Dataset extract >>

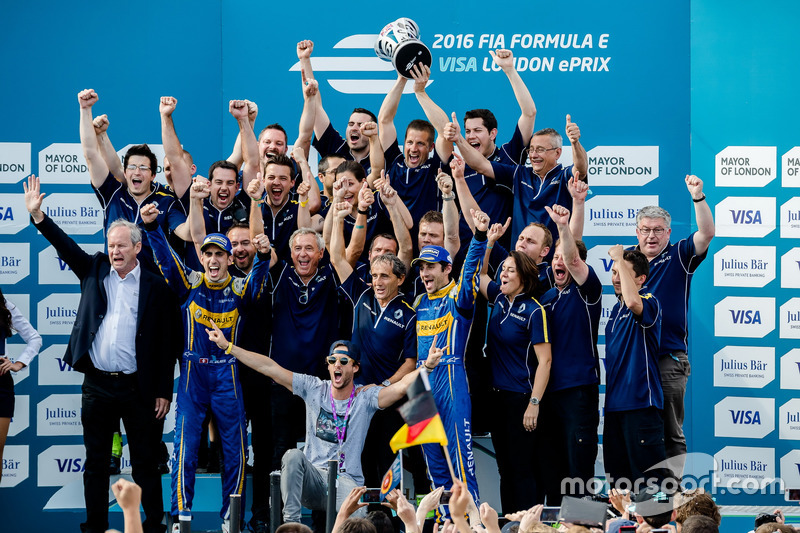 Nicolas Prost, Renault e.Dams and Sébastien Buemi, Renault e.Dams celebrate the drives and team cham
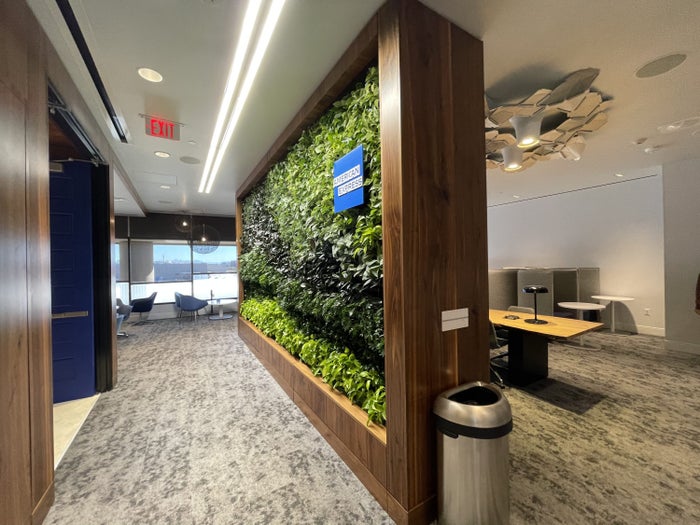 The Phoenix (PHX) American Express Centurion Lounge – Location, Hours, Amenities, and More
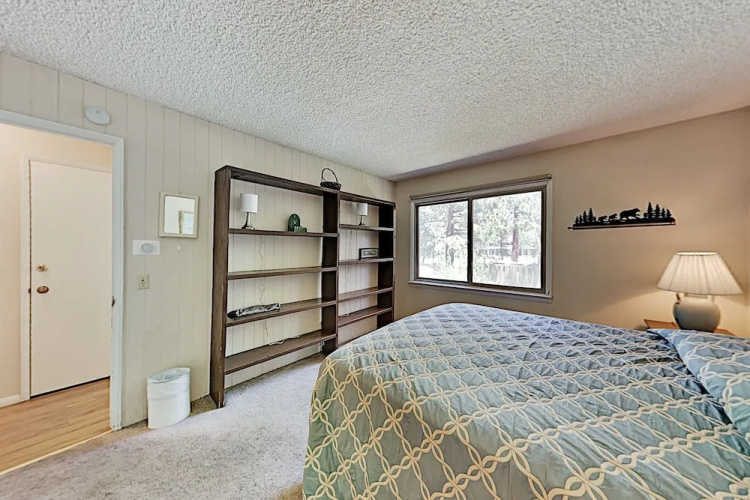 3251chat 4 Bedroom Condo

Task to complete >>
An exact copy of every line above is needed, without the images.

Output >>
 Nicolas Prost, Renault e.Dams and Sébastien Buemi, Renault e.Dams celebrate the drives and team cham
 The Phoenix (PHX) American Express Centurion Lounge – Location, Hours, Amenities, and More
 3251chat 4 Bedroom Condo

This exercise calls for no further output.